# Proyectos de modelismo naval



## skywalker3232 (Ene 16, 2015)

Proyectos de modelismo naval

Saludos, estas fotografías de más abajo muestran los avances en la construcción de dos modelos con unas dimensiones bastante grandes. Se trata de la Perla Negra de piratas del caribe y el "insumergible" Titanic; El primero mide unos 80 cm de largo, y está construido integramente de madera, sin iluminación interior, pero con un trabajo tal que desafía a alguien tan experimentado como yo (A partir de ahora viene lo dificil: Colocar TODAS las cuerdas , velas, y demás detalles del barco, que gracias a dios, dispongo de los planos e instrucciones de montaje ).
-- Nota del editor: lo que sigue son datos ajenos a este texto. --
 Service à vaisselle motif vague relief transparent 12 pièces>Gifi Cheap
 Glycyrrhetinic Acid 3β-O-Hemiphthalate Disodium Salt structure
El Titanic sin embargo, lleva mucho más trabajo, ya que  desde hace tres años y aun no está completamente acabado, aquí lo más dificil es la instalación electrica que lleva dentro: 200 leds que iluminan un maquetón  que mide aproximadamente 115 cm de longitud.... Y el casco tiene más de 15000 palillos....


----------



## DOSMETROS (Ene 16, 2015)

Están muy buenos ! 



skywalker3232 dijo:


> Proyectos de modelismo naval
> 
> Se trata de la Perla Negra de piratas del caribe y el "insumergible" Titanic....



Mi próximo proyecto es un Cutty Sark 







http://mla-s1-p.mlstatic.com/whisky...-de-escocia-12981-MLA20069240076_032014-F.jpg

sin yelo


----------